So those characteristics were exactly what interested you for the according work with Smith N Hack?

Yes, we wanted to make a tribute and as we both love his music we were sure very soon that he should be our first candidate.

At the time it was peculiar, because most other producers with similar projects concentrated on music on the electronic end of disco, where the gap was not so wide apart. It was a very different approach to funk.

Yes, we messed around with so many different things on that album. Some elements are recognizable, but most aren’t.

So who are your other candidates for a tribute?

Well, we are already working on an Italo Disco/Moroder-type project. “Space Warrior” was kind of a taster for that.

> Cloud One – Charleston Hopscotch (1977)

Even by the standards of Patrick Adams the Cloud One album is very extraordinary.

Yes. The whole album is great but this is the absolute highlight for me. This moog synth solo in it is incredible, these squeaking sounds. It must be the sickest and greatest solo of all the tracks I ever knew.

This weird moog sound is pretty dominant in most of his productions around that time.

Yeah, but I think this is really the best track featuring it. It is really on point, extremely good.

I also find this flirtation with broadway and revue influences remarkable. You can also find that in other disco acts, like Dr. Buzzards’s Original Savannah Band or Carrie Lucas.

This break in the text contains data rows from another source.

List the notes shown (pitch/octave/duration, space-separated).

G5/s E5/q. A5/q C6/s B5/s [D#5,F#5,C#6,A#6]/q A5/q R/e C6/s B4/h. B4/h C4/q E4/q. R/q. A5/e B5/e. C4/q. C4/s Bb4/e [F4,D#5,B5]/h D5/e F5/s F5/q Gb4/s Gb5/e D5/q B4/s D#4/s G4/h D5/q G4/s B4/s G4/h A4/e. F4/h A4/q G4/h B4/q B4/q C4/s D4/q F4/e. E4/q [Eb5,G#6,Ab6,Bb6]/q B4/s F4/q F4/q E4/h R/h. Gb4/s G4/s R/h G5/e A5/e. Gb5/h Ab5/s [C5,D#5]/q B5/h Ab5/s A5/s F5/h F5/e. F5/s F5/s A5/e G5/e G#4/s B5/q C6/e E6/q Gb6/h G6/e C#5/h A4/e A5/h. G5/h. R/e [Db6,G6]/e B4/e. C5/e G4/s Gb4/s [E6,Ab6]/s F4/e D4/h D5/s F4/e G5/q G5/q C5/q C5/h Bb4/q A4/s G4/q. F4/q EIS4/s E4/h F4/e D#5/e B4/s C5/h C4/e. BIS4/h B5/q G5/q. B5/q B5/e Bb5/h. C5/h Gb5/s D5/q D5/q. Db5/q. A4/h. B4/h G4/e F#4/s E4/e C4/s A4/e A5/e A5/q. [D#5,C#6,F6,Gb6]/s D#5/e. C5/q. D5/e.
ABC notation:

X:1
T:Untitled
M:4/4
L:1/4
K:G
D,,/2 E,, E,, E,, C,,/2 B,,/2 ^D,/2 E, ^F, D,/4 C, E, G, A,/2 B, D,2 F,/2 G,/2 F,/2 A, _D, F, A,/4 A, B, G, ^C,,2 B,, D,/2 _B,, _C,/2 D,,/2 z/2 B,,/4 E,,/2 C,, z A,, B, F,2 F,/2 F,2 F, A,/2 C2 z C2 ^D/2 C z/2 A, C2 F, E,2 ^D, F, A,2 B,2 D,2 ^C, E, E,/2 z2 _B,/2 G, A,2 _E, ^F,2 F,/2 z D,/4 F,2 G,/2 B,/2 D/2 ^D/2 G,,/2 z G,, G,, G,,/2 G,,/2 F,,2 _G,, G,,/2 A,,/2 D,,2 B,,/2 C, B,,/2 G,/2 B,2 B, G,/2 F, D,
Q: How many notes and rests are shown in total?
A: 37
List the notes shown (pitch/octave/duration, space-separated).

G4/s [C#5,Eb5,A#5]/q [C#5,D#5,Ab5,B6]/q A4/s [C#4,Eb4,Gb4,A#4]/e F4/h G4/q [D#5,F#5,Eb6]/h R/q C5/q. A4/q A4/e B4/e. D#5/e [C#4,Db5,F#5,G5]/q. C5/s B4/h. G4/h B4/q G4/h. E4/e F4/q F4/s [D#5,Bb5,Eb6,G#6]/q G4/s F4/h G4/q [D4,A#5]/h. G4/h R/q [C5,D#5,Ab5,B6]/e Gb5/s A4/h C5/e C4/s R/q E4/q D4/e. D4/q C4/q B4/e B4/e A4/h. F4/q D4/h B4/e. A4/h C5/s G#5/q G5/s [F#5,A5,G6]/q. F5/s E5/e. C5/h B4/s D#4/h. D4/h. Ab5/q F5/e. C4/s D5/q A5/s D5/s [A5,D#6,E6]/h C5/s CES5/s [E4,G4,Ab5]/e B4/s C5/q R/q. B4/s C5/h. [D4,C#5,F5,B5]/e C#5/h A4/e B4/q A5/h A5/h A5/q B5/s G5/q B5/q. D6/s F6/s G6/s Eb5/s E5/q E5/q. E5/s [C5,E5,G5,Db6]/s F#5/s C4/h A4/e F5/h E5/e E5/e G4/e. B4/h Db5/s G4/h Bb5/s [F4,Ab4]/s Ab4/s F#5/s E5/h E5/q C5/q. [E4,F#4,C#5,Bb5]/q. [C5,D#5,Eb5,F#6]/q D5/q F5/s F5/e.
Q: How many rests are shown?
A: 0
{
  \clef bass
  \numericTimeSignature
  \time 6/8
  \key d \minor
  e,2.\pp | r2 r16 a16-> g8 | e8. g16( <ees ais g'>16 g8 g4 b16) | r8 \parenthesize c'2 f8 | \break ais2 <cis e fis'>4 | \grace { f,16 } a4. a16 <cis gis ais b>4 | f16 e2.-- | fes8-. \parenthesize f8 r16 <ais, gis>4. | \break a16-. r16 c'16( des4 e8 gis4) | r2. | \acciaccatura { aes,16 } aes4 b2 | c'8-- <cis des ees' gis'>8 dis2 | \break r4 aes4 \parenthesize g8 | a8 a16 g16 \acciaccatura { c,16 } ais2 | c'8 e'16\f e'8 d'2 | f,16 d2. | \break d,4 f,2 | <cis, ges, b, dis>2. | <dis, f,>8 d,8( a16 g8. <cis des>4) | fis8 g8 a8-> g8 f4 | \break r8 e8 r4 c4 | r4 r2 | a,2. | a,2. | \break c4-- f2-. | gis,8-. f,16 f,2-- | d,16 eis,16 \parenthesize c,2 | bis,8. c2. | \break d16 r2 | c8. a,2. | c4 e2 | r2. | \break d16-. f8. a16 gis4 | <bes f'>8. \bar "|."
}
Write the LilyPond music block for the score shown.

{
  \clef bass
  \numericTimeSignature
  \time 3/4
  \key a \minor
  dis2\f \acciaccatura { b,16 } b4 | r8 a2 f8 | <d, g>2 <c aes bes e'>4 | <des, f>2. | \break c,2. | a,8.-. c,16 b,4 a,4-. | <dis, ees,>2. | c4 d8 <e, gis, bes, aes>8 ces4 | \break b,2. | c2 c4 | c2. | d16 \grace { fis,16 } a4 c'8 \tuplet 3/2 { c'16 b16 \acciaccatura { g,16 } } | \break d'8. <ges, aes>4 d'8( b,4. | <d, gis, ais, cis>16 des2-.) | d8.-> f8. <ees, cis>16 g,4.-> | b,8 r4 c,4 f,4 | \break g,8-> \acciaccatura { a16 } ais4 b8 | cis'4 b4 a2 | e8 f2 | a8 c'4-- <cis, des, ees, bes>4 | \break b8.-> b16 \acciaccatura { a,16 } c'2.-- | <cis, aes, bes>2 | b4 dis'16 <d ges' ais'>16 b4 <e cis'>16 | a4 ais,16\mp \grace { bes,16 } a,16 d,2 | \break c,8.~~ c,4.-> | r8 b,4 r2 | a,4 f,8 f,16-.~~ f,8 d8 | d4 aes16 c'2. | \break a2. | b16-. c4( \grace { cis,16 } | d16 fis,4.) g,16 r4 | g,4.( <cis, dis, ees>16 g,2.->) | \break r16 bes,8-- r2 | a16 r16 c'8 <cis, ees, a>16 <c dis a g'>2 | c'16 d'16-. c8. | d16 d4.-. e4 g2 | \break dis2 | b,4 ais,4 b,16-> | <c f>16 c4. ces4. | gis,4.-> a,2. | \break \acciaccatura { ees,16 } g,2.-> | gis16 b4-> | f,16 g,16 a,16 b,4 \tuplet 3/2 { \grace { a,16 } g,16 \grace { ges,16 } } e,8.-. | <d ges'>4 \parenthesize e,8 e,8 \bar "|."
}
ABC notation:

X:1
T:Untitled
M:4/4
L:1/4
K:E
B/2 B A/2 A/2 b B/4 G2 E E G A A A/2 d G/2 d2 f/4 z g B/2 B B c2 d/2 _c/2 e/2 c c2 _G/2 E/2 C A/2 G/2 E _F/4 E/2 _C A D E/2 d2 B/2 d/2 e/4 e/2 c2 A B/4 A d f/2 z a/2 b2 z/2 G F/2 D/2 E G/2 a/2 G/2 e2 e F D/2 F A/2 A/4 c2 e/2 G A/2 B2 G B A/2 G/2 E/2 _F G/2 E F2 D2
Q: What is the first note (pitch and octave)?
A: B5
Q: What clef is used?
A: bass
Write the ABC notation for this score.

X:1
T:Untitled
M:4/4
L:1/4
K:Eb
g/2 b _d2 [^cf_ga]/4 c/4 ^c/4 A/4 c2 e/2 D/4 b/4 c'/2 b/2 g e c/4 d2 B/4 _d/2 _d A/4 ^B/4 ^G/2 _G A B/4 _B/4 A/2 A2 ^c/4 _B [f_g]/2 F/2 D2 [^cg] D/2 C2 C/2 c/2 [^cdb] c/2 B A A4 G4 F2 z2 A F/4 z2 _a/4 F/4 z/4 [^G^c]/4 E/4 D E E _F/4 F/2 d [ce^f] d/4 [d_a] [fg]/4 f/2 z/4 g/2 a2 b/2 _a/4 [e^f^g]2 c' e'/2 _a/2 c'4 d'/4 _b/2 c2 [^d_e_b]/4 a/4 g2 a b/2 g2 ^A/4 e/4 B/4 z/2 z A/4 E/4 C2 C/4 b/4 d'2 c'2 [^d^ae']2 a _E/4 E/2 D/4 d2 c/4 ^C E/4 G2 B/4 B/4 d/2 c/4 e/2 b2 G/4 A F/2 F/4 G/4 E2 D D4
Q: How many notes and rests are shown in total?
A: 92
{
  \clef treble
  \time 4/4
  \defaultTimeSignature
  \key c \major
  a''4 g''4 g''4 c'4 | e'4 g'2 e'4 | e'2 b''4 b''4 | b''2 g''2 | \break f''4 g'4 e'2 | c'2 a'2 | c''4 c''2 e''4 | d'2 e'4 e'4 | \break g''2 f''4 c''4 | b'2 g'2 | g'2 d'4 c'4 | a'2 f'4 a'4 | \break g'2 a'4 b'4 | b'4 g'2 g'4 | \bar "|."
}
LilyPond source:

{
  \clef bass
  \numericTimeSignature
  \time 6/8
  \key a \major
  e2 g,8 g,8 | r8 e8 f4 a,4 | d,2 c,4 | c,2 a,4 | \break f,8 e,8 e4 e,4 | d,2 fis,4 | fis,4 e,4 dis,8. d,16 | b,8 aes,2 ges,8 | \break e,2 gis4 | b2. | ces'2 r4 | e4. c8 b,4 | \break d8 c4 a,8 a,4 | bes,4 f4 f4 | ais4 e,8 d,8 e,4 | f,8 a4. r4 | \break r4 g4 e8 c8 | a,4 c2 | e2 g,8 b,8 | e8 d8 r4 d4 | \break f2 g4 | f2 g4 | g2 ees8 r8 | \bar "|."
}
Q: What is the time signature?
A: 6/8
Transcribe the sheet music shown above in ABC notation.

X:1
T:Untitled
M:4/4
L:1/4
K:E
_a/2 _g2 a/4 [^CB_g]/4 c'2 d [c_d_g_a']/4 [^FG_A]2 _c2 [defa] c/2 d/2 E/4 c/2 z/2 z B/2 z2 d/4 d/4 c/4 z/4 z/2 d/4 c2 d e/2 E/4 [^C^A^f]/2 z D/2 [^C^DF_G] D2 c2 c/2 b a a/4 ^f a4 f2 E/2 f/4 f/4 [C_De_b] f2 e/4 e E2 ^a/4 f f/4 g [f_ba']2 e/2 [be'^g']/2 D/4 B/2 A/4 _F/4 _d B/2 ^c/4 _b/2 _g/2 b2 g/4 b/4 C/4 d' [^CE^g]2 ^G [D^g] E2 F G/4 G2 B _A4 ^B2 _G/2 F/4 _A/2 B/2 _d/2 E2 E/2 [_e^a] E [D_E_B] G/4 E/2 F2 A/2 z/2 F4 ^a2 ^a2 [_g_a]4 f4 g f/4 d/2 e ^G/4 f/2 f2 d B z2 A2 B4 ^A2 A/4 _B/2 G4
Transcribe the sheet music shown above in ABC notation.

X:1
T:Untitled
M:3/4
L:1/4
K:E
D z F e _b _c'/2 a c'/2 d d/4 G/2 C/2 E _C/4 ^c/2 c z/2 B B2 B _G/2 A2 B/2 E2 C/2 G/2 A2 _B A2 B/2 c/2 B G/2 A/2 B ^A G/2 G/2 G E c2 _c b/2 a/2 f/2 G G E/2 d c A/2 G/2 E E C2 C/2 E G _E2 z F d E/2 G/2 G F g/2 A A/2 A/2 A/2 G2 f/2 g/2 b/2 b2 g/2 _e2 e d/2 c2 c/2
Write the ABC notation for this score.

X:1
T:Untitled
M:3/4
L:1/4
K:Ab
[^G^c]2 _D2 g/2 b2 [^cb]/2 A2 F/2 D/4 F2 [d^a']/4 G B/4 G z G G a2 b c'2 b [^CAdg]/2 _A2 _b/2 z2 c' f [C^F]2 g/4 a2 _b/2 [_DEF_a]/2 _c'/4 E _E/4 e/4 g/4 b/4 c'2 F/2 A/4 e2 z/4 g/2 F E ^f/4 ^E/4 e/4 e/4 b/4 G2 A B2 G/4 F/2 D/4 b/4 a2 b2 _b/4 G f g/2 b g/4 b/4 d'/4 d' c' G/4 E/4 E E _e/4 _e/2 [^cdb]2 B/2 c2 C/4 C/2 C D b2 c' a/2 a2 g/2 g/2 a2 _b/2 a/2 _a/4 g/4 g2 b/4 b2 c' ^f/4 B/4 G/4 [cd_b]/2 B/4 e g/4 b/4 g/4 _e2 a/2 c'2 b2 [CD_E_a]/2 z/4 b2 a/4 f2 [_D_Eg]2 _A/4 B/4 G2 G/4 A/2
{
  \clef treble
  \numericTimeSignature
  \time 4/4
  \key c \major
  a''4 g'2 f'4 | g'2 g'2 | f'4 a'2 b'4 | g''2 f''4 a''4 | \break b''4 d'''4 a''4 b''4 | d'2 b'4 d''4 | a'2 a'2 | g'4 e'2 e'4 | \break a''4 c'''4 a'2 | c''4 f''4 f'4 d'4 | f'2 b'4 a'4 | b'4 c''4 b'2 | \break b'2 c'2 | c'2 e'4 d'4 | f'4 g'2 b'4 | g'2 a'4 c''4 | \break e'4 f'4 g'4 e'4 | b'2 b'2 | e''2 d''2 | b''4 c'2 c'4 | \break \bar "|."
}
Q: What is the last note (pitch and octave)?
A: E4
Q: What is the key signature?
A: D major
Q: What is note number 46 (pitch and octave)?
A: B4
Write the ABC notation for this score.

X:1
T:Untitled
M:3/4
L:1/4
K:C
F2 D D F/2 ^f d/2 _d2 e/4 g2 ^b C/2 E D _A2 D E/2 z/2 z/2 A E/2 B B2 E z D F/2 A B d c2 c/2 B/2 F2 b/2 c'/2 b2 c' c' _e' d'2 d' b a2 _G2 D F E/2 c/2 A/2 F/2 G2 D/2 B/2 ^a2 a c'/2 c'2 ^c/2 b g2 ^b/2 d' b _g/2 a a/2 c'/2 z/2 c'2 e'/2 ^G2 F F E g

Yeah. This was also a very big influence on the Chicago sound. There was a time when this was on heavy rotation. I’m a big fan of Patrick Adams anyway. Tracks like “In The Bush” and “Keep On Jumpin’” were such hits for me. I don’t know exactly how many things he produced but it was a whole lot. He started writing songs at 15 or 16 and I read that he produced and played this whole album in one or two weeks. He recorded every single track in the studio and arranged it. He did everything on his own. Incredible.

He really developed his own trademark sound, and he was really exceptional.

Yeah, you can always recognize his music. His harmonies, the way he structures his stuff. I think this is really great. There are some hooklines, pianos, certain melodies or weird breaks that keep reappearing in his music, but I always love it. He also had this huge amount of labels, and the releases were among the first 12”s to be done. Commercially the Salsoul 12”s had more impact and were earlier on, but he also did that around that time.

He certainly was very versatile. “In The Bush“ is very straight four to the floor for example, while this is very groovy and bouncy.

Yes, but all his tracks have a theme and all the instruments support it. I do not like his 80’s productions as much but his 70’s ones are brilliant, and he produced a huge amount of music then.

> Roni Griffith – Spys (1982)

This is a prime example for the Bobby Orlando sound.

By all means. His sequencer basslines are totally outstanding and still absolutely modern. You can still find this sound in a lot of productions, it never ages.

It did not only pave the way for Hi-NRG, it stayed on far beyond that.

Definitely. This track is incredibly beautiful, it has the perfectly right combination of elements. This special bass drum, and a little kitsch above.

I think Bobby Orlando originally wanted to be a regular flashy rock star, and you still hear traces of that in his sound, however outlandish it appeared. Roni Griffith for instance is pretty much the rock lady type.

Oh yeah. He also did a lot of terrible tracks. But here it all fits together somehow. Patrick Cowley’s productions were similar, but more queer in comparison, and also a bit more kitschy. But especially these Orlando synth and bass lines really showed the way and they are still so important today.

It is astonishing that he only required such a small array of trademark elements during his peak period. He always has the same bassline, the same synth pad and the same bass drum, with this triangle sound on top. His performers were diverse though, especially Divine.

I can’t help being amazed by his basslines. They sound so outstanding and yet they are so simple and efficient. It is an integral part of house and techno to produce a significant bassline, it will always be. And these Orlando basslines are a cornerstone for the whole thing that will always be valid.

> Taana Gardner – When You Touch Me (1978)

A landmark Larry Levan mix. It’s structured like “Love Hangover” by Diana Ross. A long downtempo intro and then it goes off.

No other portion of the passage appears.